D. Selon l’art. 13 alinéa 1 du règlement du Conseil suisse la presse, la présidence traite les plaintes qui, dans leurs éléments essentiels, concordent avec des cas déjà traités par le Conseil de la presse ou qui revêtent une importance mineure.

E. La présidence du Conseil suisse de la presse, composée de Dominique von Burg (président), Francesca Snider (vice-présidente) et de Max Trossmann (vice-président), a traité la présente prise de position le 24 février 2020 par voie de correspondance.

II. Considérants

1. Comme le co-rédacteur en chef du «Temps» l’admet, l’illustration de la vidéo disputée n’est pas adéquate. Alors qu’il est question de transporter des armes (et non de les porter sur soi), l’illustration n’aurait pas dû montrer un «permis de porter une arme».

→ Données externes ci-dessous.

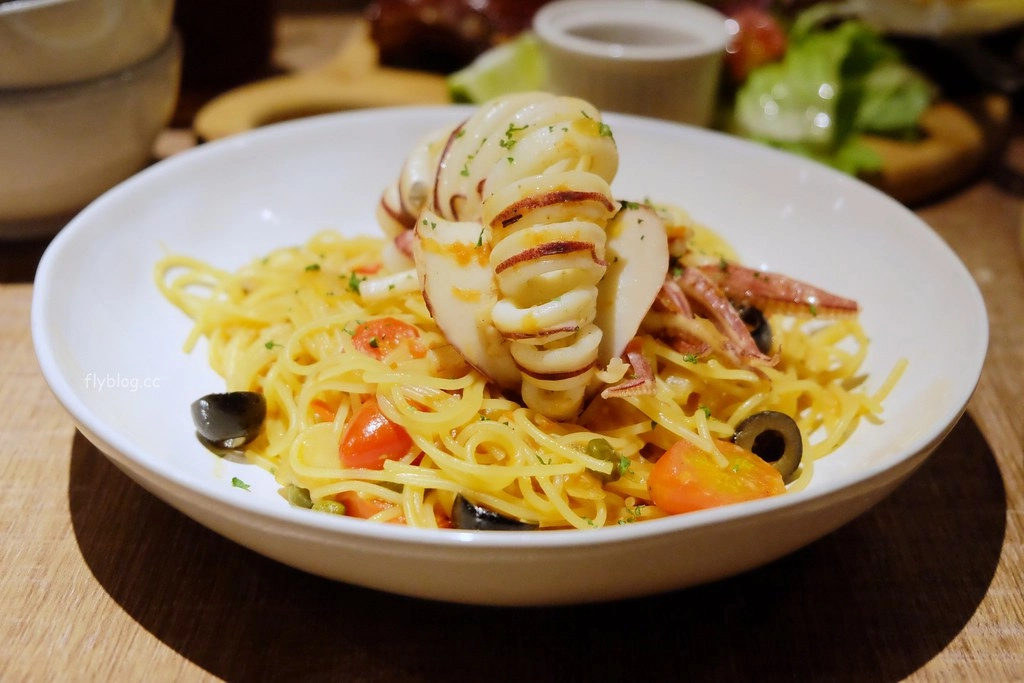 台北信義|請請義大利麵逸仙店,餐點好吃份量又多,披薩甜點也很好吃,台北義式餐廳推薦 @飛天璇的口袋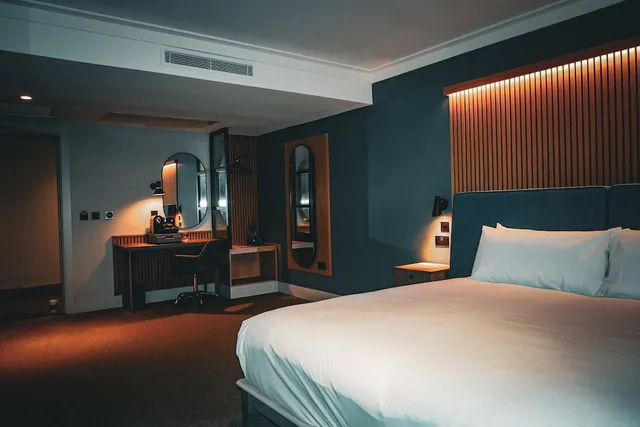 غرفة عائلية بسريرين كينج، Village Hotel Reading 5/8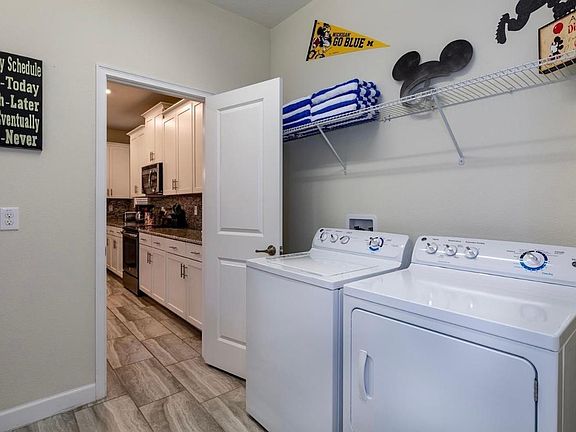 3rd image of 5435 Solterra Cir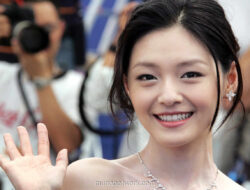 Setahun Berlalu, DJ Koo Masih Setia Bersihkan Makam Barbie Hsu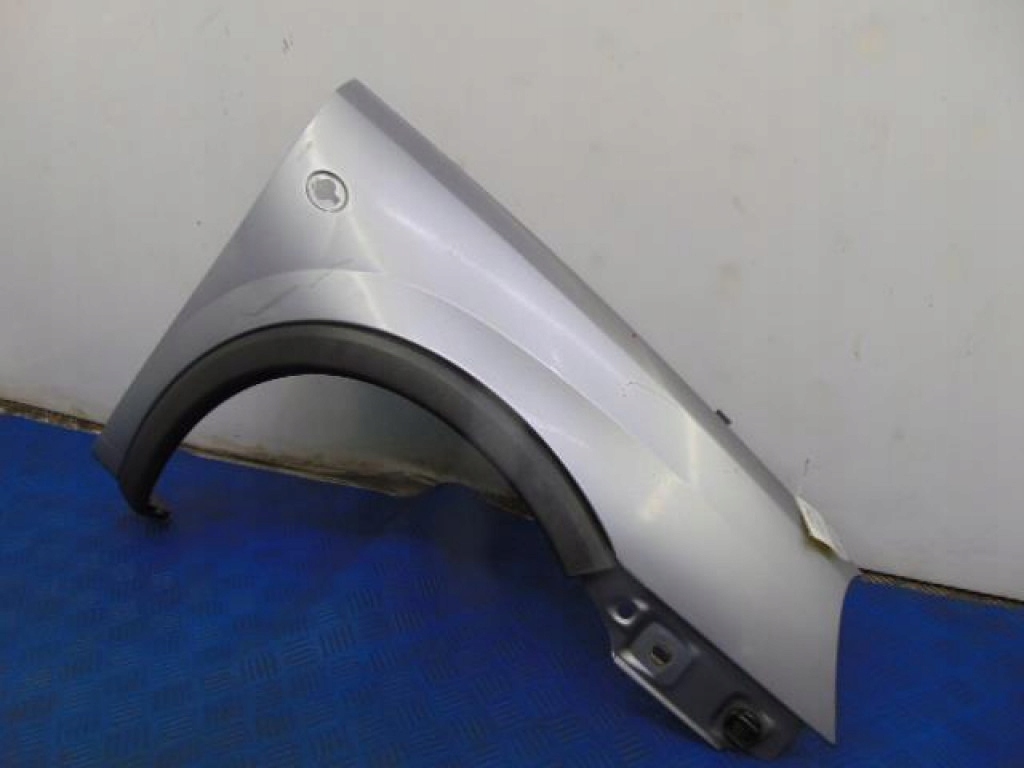 Купити Opel corsa c крила правий z163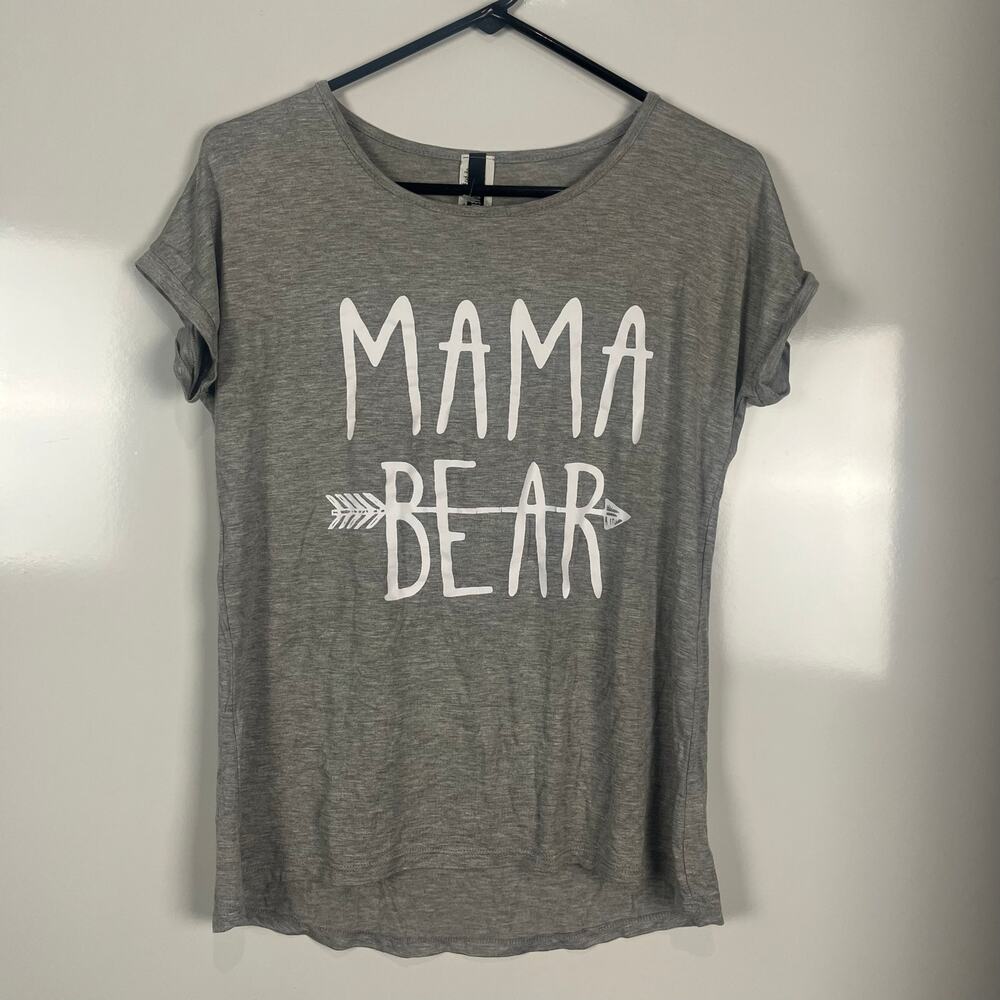 Mama Bear T-shirt Size Small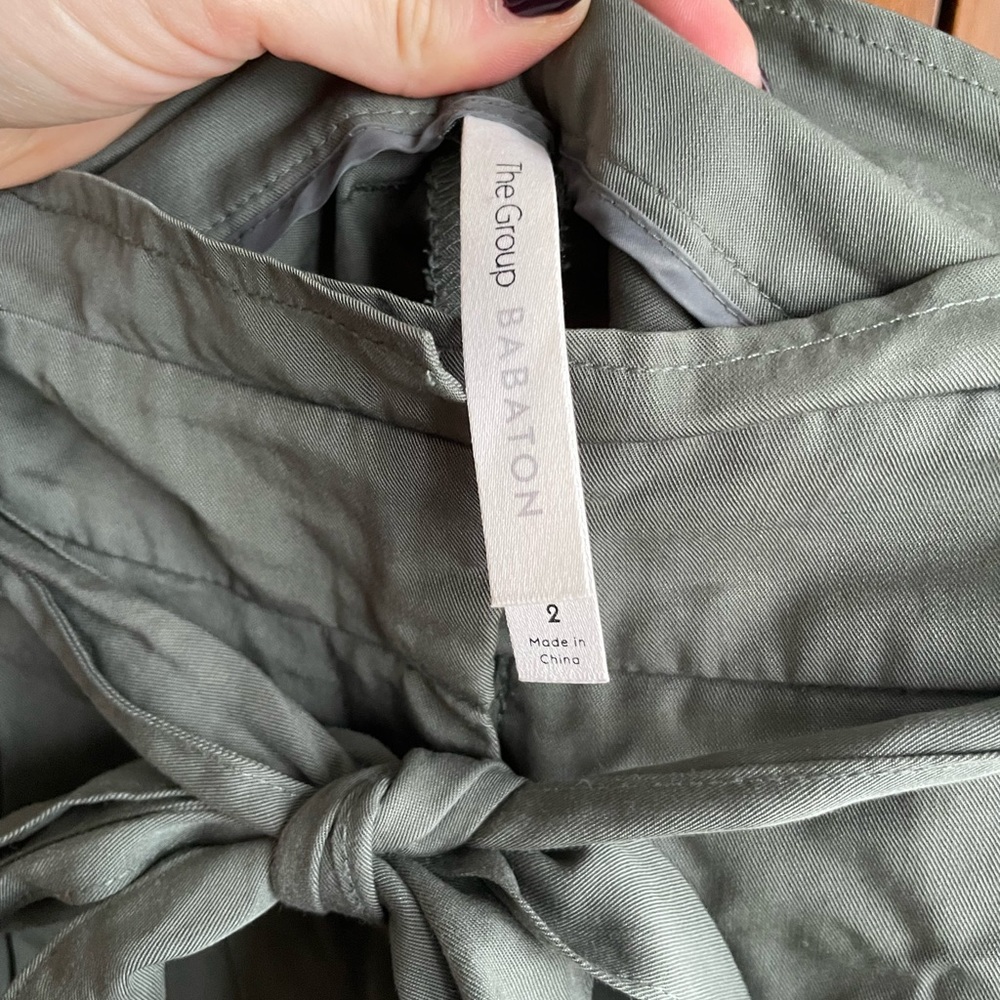 Aritzia paper bag shorts - Picture 3 of 3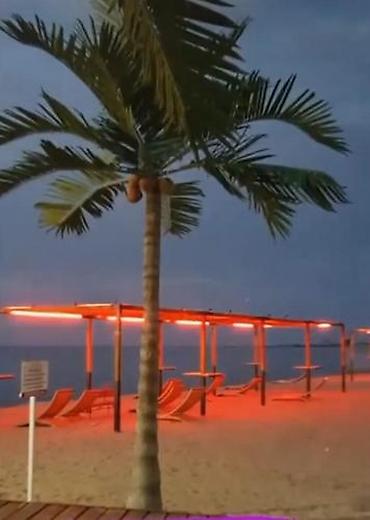 Иссык-Куль 2026: Коттедж, ЦО Palm Beach, Чок-Тал, Детская площадка, Парковка, стоянка, Охраняемая территория — 10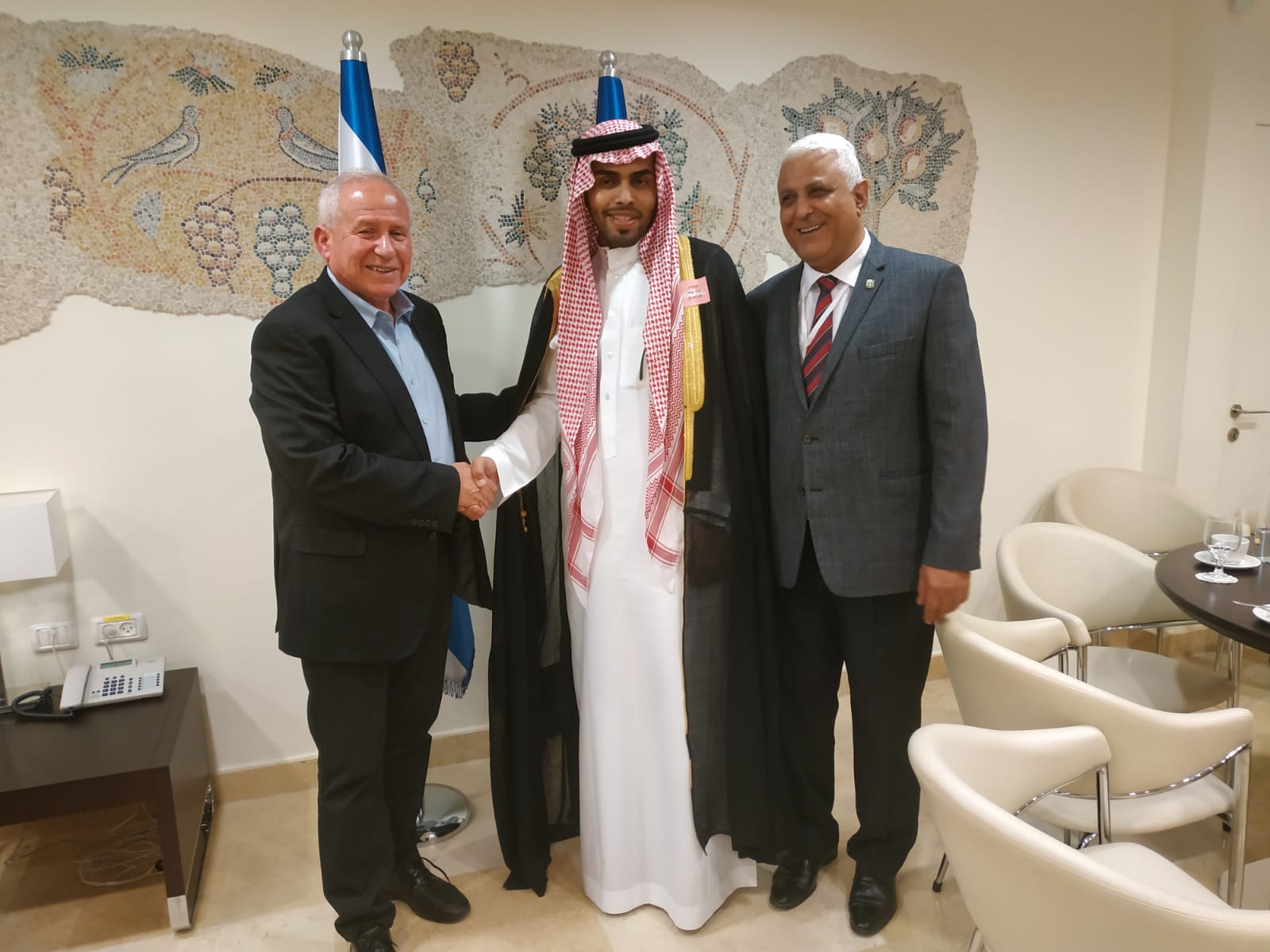עיתונאים ממדינות ערב בכנסת: "ישראל מדינה חלומית" הבלוגר עם ח"כר אבי דיכטר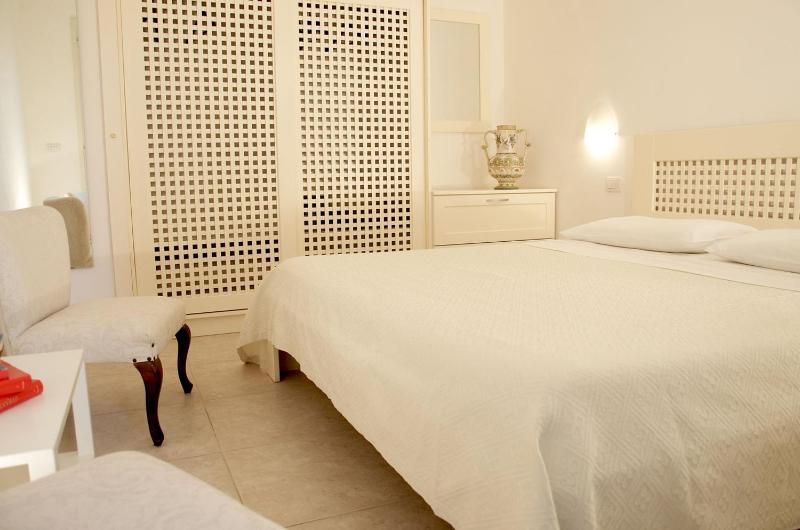 One-Bedroom Apartment image 2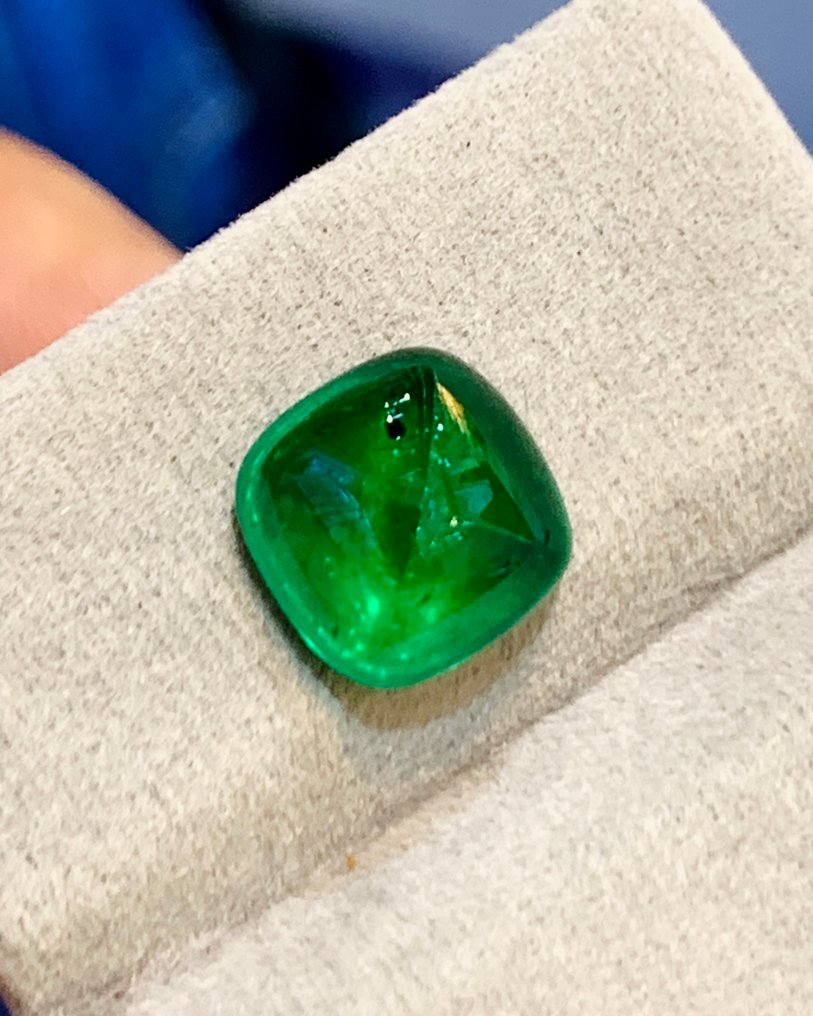 1 pcs  Πράσινο Σμαράγδι  - 4.01 ct - Gem research Swiss Lab (GRS) - Ζωντανό Πράσινο Ζαχαρένιο Βουνό #1.0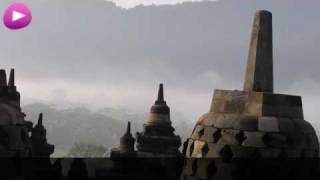preview picture of video 'Borobudur Wikipedia travel guide video. Created by http://stupeflix.com'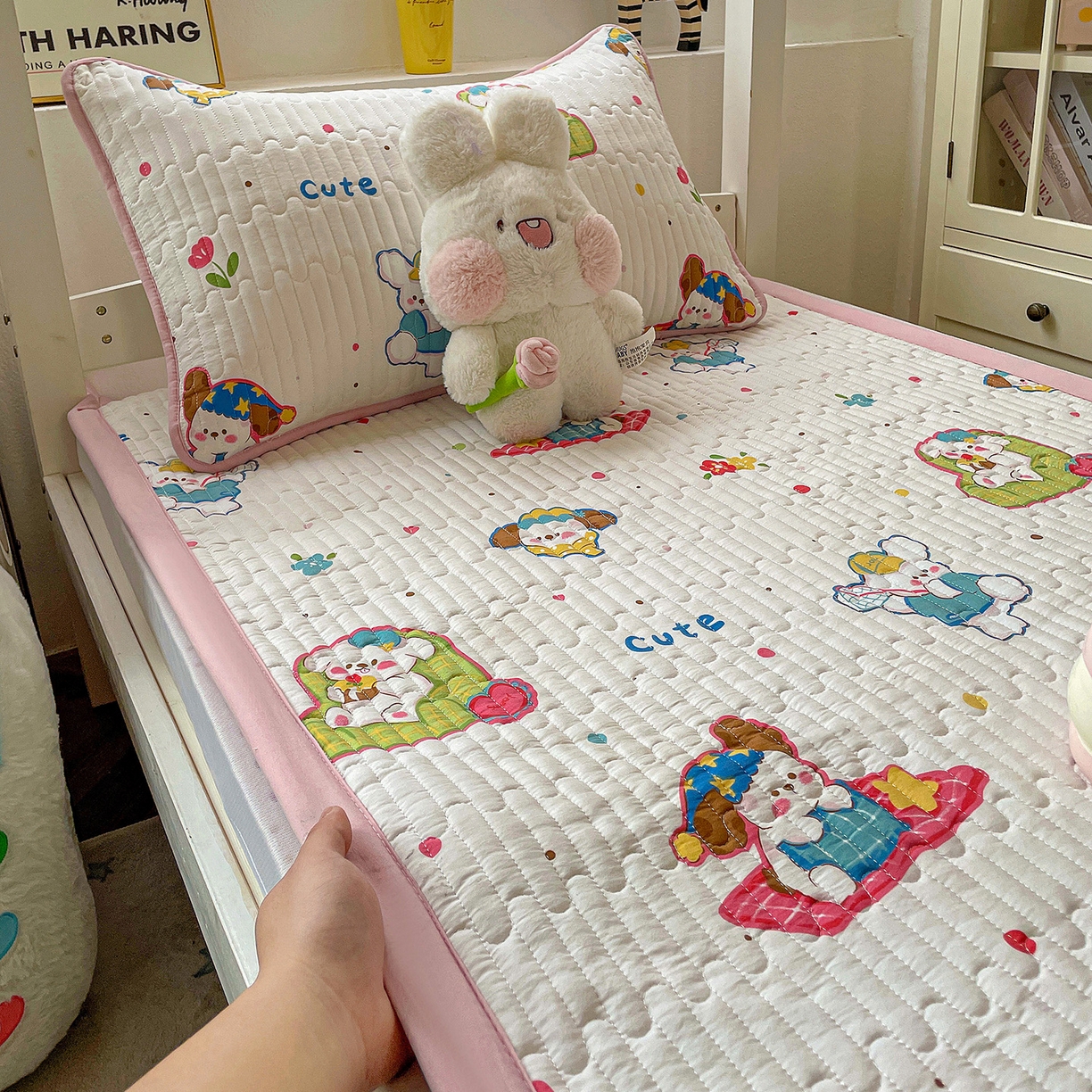 91家纺网 家纺一手货源 找家纺 纽缦家纺 2026新款A类水洗棉夹棉学生床垫 心愿狗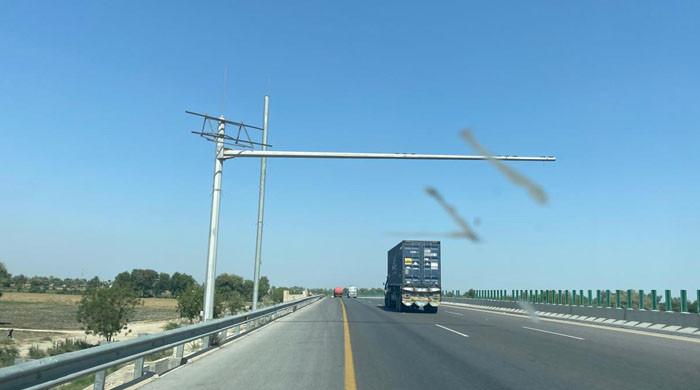 سکھر ملتان موٹر وے کے کیمرے و دیگر مہنگے آلات چوری، پولیس چوکیوں کی چھتیں غائب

2. Alors que pour le plaignant cette erreur induit le lecteur en erreur de manière coupable, le co-rédacteur en chef du «Temps» au contraire juge qu’il ne s’agit que d’une «imprécision» sans conséquence.

3. A l’examen, le Conseil de la presse estime que le lecteur n’est pas gravement induit en erreur par la vidéo, dont le propos est pour l’essentiel correct. L’intention sous-entendue par le plaignant, selon laquelle le journaliste aurait voulu dépeindre la Suisse comme un pays peu sûr, «sauvé» en quelque sorte par les nouvelles directives européennes, n’est nullement avérée aux yeux du Conseil de la presse. On est donc en présence d’une imprécision de peu de gravité, et qui n’a pas le poids d’une violation du devoir de rechercher la vérité.

III. Conclusions

1. La plainte est rejetée.

2. En diffusant la vidéo «La culture des armes à l’épreuve de l’Europe», «Le Temps» n’a pas violé le chiffre 1 (recherche de la vérité) de la «Déclaration des devoirs et des droits du/de la journaliste».